Se parecían mucho los dos, ambos a veces desaparecían para luego volver machucados, me acostumbré a vivir con dos gatos en la casa. Pasaron los años como pasan los gatos por los tejados de agosto. El gato se fue enfermando, primero partió por las orejas. Ya era viejo el gato nuevo, por rucio le pasó. Después se le empezó a pudrir la nariz. En la noche lo sentía respirar, se había convertido en un pequeño Voldemort. Cuando le empezó a caer la sangre del lugar donde antes respiraba, todos los días, mientras yo iba al liceo, su humano tocayo, sentado en la mecedora de siempre, le hacía las curaciones. Se compró todo un botiquín para el amarillo, gasa, suero y pinzas. 
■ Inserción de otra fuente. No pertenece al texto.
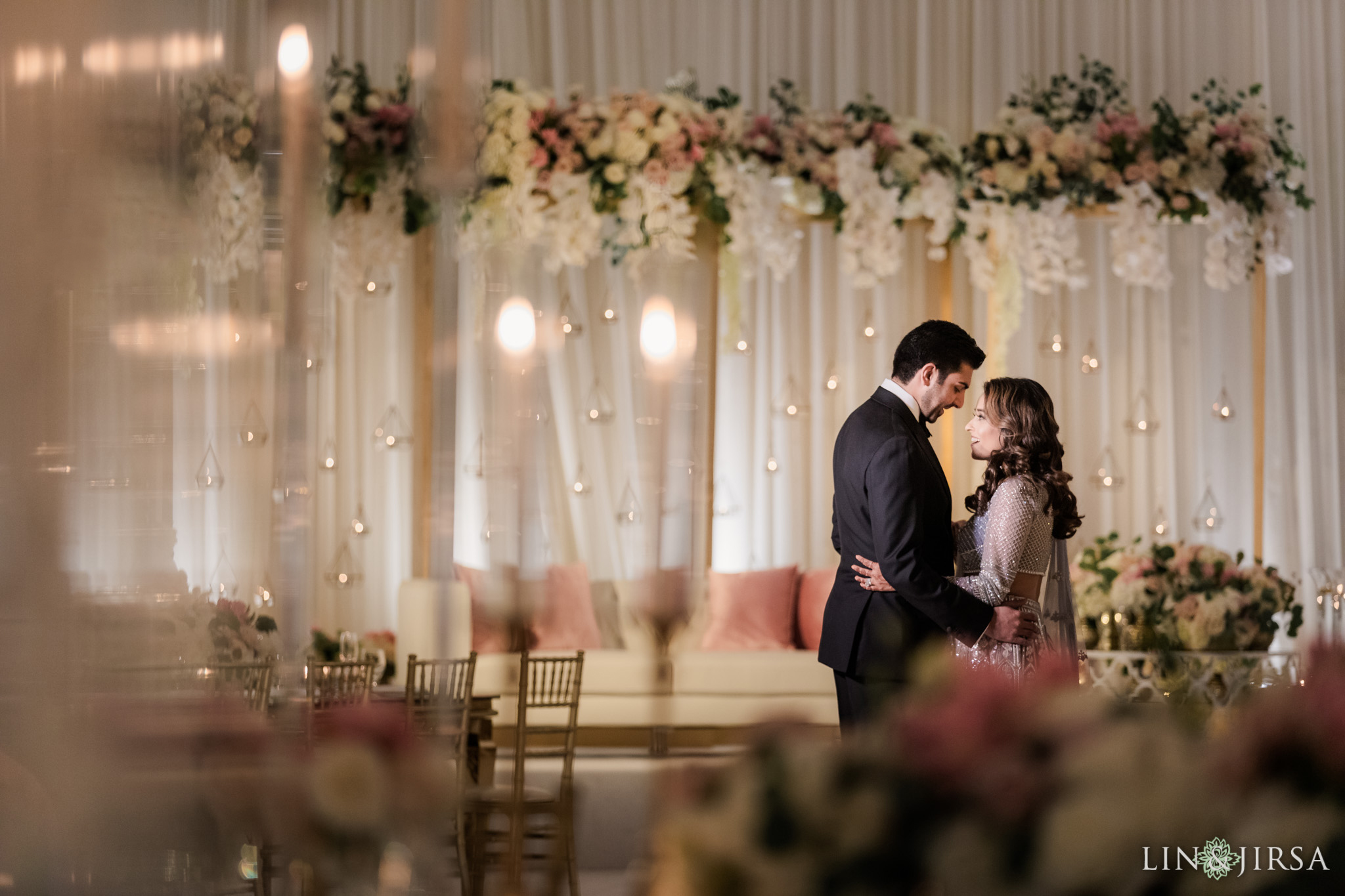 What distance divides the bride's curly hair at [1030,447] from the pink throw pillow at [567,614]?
358cm

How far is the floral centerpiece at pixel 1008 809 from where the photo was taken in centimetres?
63

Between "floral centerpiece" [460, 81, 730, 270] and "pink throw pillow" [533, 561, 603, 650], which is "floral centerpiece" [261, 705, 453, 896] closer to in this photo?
"floral centerpiece" [460, 81, 730, 270]

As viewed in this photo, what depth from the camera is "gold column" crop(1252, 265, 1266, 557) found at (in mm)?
6758

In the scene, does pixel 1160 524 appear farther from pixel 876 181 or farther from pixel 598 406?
pixel 598 406

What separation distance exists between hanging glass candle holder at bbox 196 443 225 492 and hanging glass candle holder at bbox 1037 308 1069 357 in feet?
20.1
Hasta que un día Don Gato también cayó enfermo. Se empezó a sentir mal, le dolía la guata y dejó de comer la sopa de fideos con jurel, avena y salsa de tomate. Fuimos al médico y los exámenes salieron alterados. Cáncer al hígado producido por el virus de la hepatitis, se le subió la bilirrubina al viejo, como la canción de Juan Luis Guerra. Estaba avanzado y el tratamiento costaba demasiado, ahora tenía a dos gatos viejos y enfermos en mi casa. Pasaron los meses y la piel del gato humano se empezó a poner gradualmente amarilla. Como si por ósmosis se estuvieran mimetizando, los dos enfermos, los dos gatos, los dos amarillos. Me convertí en la enfermera de ambos, todas las mañanas limpiaba el piso, cuando caían las gotas de sangre de la nariz del gato y le hacía las curaciones a uno, después limpiaba el vómito, las chatas y cocinaba la papilla al otro. Hasta que un día, de manera esperable, Don gato se murió. Lloré lo suficiente como para hacer navegar todas las lanchas del puerto, mientras apretaba al Gato cuyo respiro estrepitoso me manchaba las piernas con sus mocos sangrientos.  Hicimos el funeral correspondiente, vino la gente, lloraron, hablaron, comieron y se fueron. Me senté en la mecedora de siempre, el Gato vino a echarse encima de mí, quedamos ahí, entre los platos vacíos y los ceniceros llenos con el amarillo que se quedó dormido para siempre sobre mis piernas arreboladas.